Foram condecorados no 10 de Junho e caíram em desgraça

Gustavo Sampaio 10 de junho de 2015

Se fosse agora, voltariam a ser escolhidos? A reputação é uma matéria instável. A SÁBADO relembra uma série de casos de figuras que caíram em desgraça após terem sido galardoadas no Palácio de Belém

2014, Zeinal Bava, Grã-Cruz da Ordem do Mérito Empresarial
O desmaio do Presidente Cavaco Silva quando discursava nas comemorações do Dia de Portugal, de Camões e das Comunidades Portuguesas, a 10 de Junho de 2014, terá sido um mau prenúncio, mas ninguém imaginaria então o enorme rombo na credibilidade de Zeinal Bava (um dos condecorados nesse dia) nos meses seguintes, por entre o descalabro da Portugal Telecom (PT). Na Guarda, Bava recebeu do chefe de Estado a Grã-Cruz da Ordem do Mérito Empresarial (Classe do Mérito Comercial). "É o reconhecimento de mérito do trabalho que todos temos feito na PT, e agora na PT e na Oi, para apoia a economia", declarou o então CEO da empresa. Cerca de oito meses depois, já demissionário da PT e da Oi, Bava sujeitou-se a um exercício de humilhação pessoal na comissão parlamentar de inquérito à gestão do BES e do GES, respondendo evasivamente às questões sobre o investimento da PT em dívida do GES que arruinou a empresa de telecomunicações. "Não sei", "não me lembro", "não consigo precisar", repetiu, sendo repreendido por Fernando Negrão, presidente da comissão, e ridicularizado por Mariana Mortágua, do Bloco de Esquerda: "É um bocadinho amadorismo para quem ganhou tantos prémios de melhor CEO do ano e melhor CEO da Europa e arredores, não é", lamentou Mortágua. E até Cavaco questionou: "O que é que andaram a fazer os accionistas e os gestores da PT?"

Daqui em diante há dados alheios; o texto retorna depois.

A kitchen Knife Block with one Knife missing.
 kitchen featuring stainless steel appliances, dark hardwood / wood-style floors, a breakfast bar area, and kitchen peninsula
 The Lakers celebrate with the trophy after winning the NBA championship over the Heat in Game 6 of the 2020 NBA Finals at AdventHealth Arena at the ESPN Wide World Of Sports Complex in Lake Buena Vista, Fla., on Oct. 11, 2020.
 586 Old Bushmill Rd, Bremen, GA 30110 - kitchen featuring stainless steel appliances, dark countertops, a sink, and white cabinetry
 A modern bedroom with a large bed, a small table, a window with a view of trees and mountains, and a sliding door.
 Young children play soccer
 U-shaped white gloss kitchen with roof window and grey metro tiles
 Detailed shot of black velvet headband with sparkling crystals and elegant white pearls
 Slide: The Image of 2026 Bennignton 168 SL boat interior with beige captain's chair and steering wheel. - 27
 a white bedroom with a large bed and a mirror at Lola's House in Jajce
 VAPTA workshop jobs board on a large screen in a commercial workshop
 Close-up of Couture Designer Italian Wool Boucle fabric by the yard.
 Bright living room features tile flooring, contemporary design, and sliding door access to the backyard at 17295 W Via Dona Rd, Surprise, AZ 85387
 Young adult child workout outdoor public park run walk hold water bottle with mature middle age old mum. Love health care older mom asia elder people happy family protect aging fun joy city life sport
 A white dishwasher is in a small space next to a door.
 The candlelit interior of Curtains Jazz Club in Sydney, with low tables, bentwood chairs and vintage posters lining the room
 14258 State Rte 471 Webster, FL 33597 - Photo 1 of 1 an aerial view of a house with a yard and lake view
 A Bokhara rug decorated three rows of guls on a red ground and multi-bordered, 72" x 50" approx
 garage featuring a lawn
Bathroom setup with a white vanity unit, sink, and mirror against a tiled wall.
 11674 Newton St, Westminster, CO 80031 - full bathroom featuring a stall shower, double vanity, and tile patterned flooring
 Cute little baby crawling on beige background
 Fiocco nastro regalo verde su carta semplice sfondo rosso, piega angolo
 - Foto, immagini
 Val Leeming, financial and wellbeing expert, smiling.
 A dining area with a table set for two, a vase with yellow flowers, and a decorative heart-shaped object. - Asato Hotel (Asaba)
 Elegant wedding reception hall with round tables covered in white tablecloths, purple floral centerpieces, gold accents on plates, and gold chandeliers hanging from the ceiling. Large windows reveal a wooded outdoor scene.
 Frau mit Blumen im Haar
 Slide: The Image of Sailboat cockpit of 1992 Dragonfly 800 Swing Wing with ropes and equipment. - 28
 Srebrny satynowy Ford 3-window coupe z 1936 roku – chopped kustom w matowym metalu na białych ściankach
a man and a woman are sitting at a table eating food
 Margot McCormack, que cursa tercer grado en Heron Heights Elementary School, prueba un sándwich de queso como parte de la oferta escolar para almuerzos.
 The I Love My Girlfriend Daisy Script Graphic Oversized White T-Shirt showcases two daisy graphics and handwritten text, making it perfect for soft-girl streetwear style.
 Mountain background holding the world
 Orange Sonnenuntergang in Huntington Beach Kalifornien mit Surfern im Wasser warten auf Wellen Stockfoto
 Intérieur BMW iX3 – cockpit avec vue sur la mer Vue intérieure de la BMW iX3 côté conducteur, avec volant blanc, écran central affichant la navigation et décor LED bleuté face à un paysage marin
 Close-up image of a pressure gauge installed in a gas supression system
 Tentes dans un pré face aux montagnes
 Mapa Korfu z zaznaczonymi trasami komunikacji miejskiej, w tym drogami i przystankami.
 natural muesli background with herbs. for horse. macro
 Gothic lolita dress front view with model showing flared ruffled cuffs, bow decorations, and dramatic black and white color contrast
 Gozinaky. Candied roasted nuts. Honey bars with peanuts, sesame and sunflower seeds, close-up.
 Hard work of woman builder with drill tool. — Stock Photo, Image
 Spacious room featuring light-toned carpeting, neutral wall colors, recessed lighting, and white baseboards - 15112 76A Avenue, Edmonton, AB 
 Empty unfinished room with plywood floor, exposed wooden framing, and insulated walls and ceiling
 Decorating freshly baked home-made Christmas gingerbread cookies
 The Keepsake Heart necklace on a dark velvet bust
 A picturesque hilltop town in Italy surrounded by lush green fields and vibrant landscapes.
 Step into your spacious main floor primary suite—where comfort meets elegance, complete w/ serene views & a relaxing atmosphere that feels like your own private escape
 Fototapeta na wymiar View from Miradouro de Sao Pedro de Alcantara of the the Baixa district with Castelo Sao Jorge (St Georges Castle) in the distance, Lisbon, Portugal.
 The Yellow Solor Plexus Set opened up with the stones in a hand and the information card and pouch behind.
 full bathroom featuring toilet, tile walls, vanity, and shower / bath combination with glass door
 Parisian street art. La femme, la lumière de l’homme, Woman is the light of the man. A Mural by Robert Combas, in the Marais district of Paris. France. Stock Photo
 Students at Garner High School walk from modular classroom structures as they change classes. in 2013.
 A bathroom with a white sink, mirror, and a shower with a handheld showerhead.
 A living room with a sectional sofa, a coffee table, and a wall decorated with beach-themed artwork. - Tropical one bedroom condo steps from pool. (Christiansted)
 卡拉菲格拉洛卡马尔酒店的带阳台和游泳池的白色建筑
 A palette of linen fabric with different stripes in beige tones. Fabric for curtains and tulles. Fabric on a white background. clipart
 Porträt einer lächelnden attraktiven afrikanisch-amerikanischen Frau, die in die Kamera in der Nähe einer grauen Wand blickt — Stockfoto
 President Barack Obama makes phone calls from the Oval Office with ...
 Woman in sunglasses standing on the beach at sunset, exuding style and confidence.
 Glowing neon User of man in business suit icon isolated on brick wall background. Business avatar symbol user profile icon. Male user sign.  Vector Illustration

1989, Valentim Loureiro, Comendador da Ordem do Mérito
O major apoiou publicamente Mário Soares nas candidaturas do socialista à Presidência da República em 1986 e 1991. Na primeira eleição, isso resultou num castigo de suspensão do seu partido, o PSD, durante dois anos. Pelo meio surgiu a retribuição do Presidente Mário Soares: o grau de Comendador da Ordem do Mérito, em 1989, quando Valentim presidia ao Boavista e à Liga Portuguesa de Futebol Profissional, em simultâneo. Na temporada de 2000/2001, o Boavista sagrou-se campeão nacional - um feito inédito. Nessa altura, Valentim Loureiro já presidia à Câmara Municipal de Gondomar desde 1993, enquanto o filho João Loureiro dirigia o clube portuense. O clã Loureiro estava no auge do seu prestígio. Até que o futebol, a política e as suspeitas de corrupção se misturaram no explosivo processo do "Apito Dourado" (iniciado em 2004), manchando a reputação do major, condenado em 2008 a três anos e dois meses de prisão com pena suspensa, por abuso de poder e prevaricação. O PSD deixou-o cair, mas ainda foi reeleito para a presidência de Gondomar mais duas vezes, em 2005 e 2009, através da lista independente "Gondomar no Coração". Só abandonou a política activa em 2013. Foi derrubado não pelo voto popular, mas pela lei da limitação de mandatos autárquicos.

2007, Hélder Bataglia, Comendador da Ordem do Infante D. Henrique
O empresário luso-angolano foi condecorado pelo Presidente Cavaco Silva com o grau de Comendador da Ordem do Infante D. Henrique, em Junho de 2007, devido ao seu contributo para as relações entre Angola e Portugal. Foi precisamente em Angola que Bataglia fundou a Escom, empresa do Grupo Espírito Santo que prestou serviços de consultoria ao German Submarine Consortium, em 2004, no processo de aquisição de dois submarinos pelo Estado português. Bataglia, presidente da Escom, e outros dois administradores da empresa foram constituídos arguidos em 2013, por corrupção activa, tráfico de influências e branqueamento de capitais num processo relativo à compra dos submarinos. A Escom recebeu cerca de 30 milhões de euros pelos serviços de consultoria, distribuídos entre o Conselho de Administração da Escom, o consultor Miguel Horta e Costa e o Conselho Superior do GES. O processo dos submarinos foi arquivado em Dezembro de 2014, sem condenações. Porém, inquirido na comissão parlamentar de inquérito à gestão do BES e do GES, em Janeiro de 2015, Bataglia admitiu que ele próprio e os outros beneficiários das comissões pelo negócio dos submarinos não declararam ao Fisco o dinheiro recebido. Criaram um fundo no Panamá e mais tarde repatriaram o dinheiro para Portugal através do Regime de Regularização Tributária (RERT).